Diplomatic tango: Blinken heads to China. But thawing relations will take more than a meeting

Kim Hjelmgaard, USA TODAY
Updated
7 min read
Secretary of State Antony Blinken, second from right, speaks while facing Chinese officials in Anchorage, Alaska, on March 18, 2021.
Secretary of State Antony Blinken, second from right, speaks while facing Chinese officials in Anchorage, Alaska, on March 18, 2021.

The setting: Alaska. The date: March 2021. The purpose: cooperation. The Biden administration was barely into its second month. These were the first high-level talks with China.
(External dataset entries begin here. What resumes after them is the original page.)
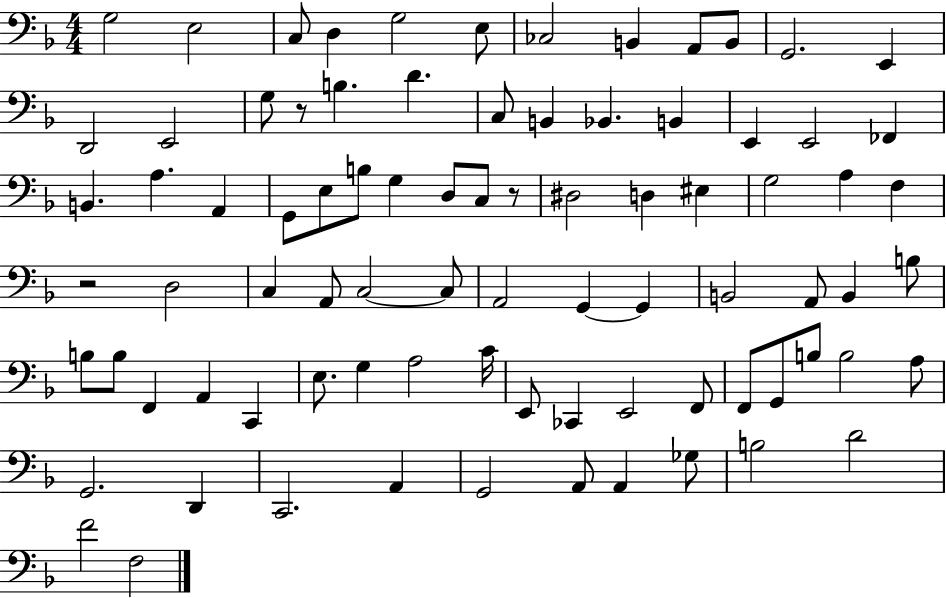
G3/h E3/h C3/e D3/q G3/h E3/e CES3/h B2/q A2/e B2/e G2/h. E2/q D2/h E2/h G3/e R/e B3/q. D4/q. C3/e B2/q Bb2/q. B2/q E2/q E2/h FES2/q B2/q. A3/q. A2/q G2/e E3/e B3/e G3/q D3/e C3/e R/e D#3/h D3/q EIS3/q G3/h A3/q F3/q R/h D3/h C3/q A2/e C3/h C3/e A2/h G2/q G2/q B2/h A2/e B2/q B3/e B3/e B3/e F2/q A2/q C2/q E3/e. G3/q A3/h C4/s E2/e CES2/q E2/h F2/e F2/e G2/e B3/e B3/h A3/e G2/h. D2/q C2/h. A2/q G2/h A2/e A2/q Gb3/e B3/h D4/h F4/h F3/h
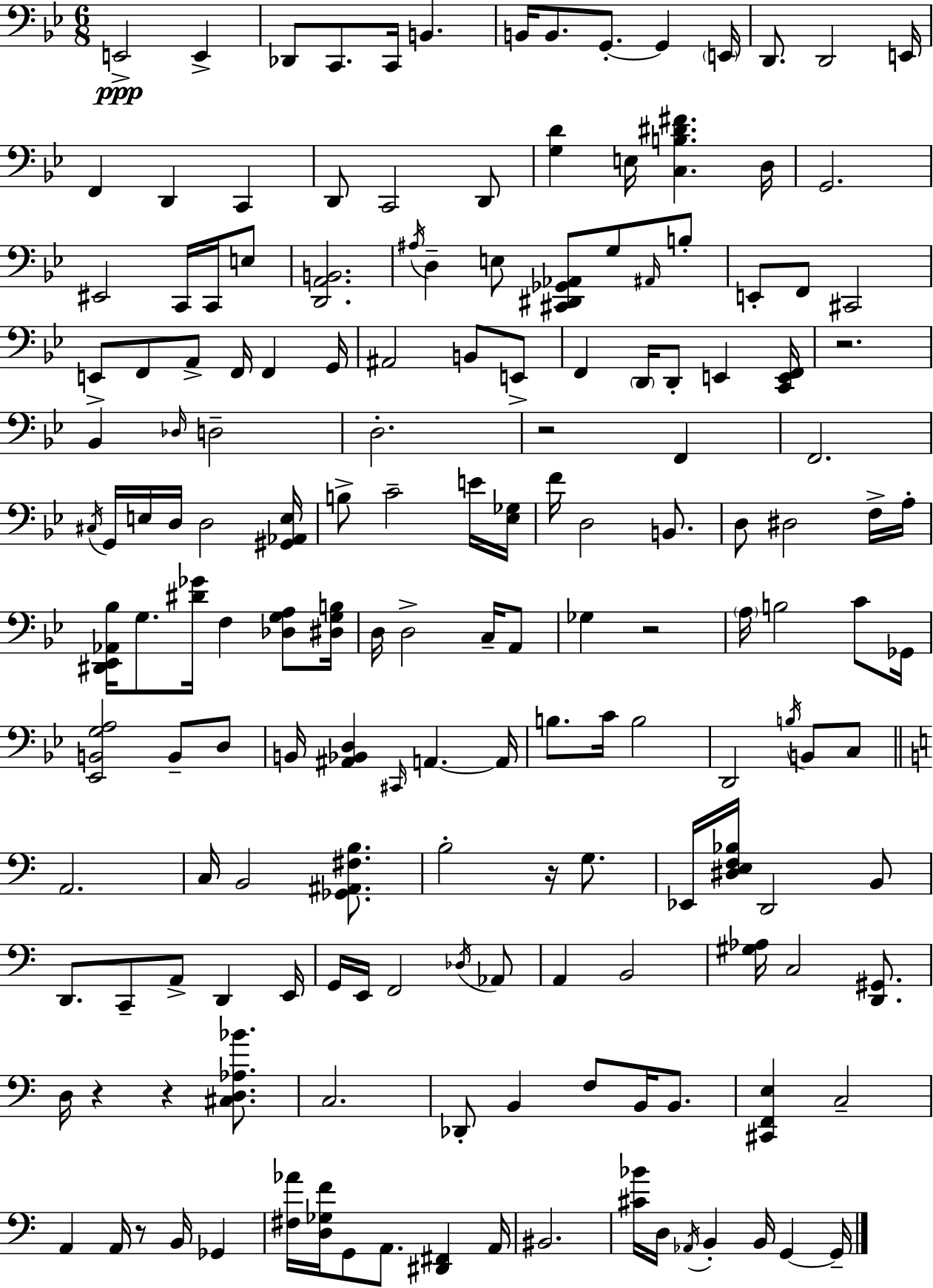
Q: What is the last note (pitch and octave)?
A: G2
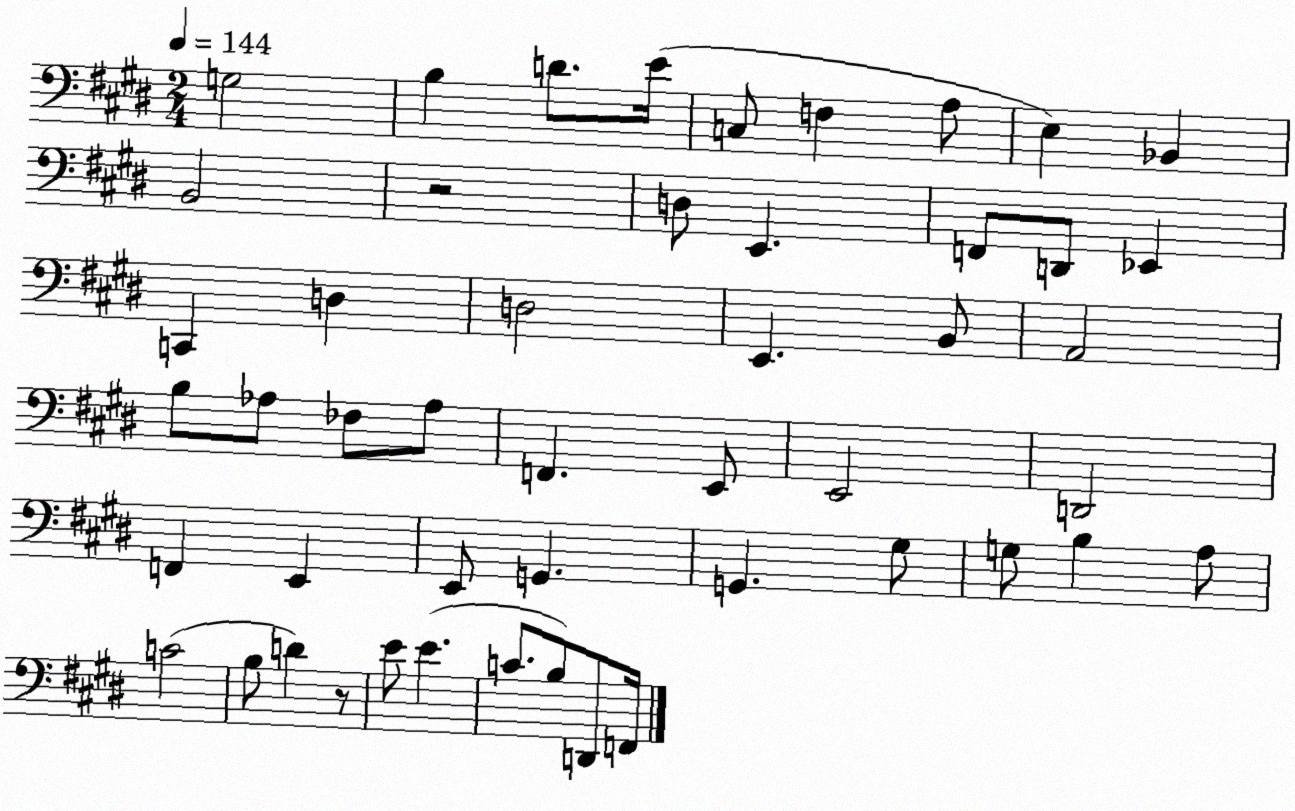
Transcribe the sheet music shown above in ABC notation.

X:1
T:Untitled
M:2/4
L:1/4
K:E
G,2 B, D/2 E/4 C,/2 F, A,/2 E, _B,, B,,2 z2 D,/2 E,, F,,/2 D,,/2 _E,, C,, D, D,2 E,, B,,/2 A,,2 B,/2 _A,/2 _F,/2 _A,/2 F,, E,,/2 E,,2 D,,2 F,, E,, E,,/2 G,, G,, ^G,/2 G,/2 B, A,/2 C2 B,/2 D z/2 E/2 E C/2 B,/2 D,,/2 F,,/4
Yet the tone was hostile.

Secretary of State Antony Blinken ? who is visiting China on Sunday and Monday after a planned trip in February was abruptly canceled ? said in blunt opening remarks as he glanced across the table in Anchorage to Yang Jiechi, a senior Chinese foreign policy official, that the U.S. aimed to "discuss our deep concerns with actions by China." He then ticked off those concerns: Xinjiang, Hong Kong, Taiwan, cyberattacks, economic coercion of U.S. allies. "Each of these actions threaten the rules-based order that maintains global stability," he said.

Yang shot back: "The wars in this world are launched by some other countries," he argued, referring to the U.S. invasions of Afghanistan and Iraq. "But for China, what we have asked for, for other countries, is to follow a path of peaceful development, and this is the purpose of our foreign policy."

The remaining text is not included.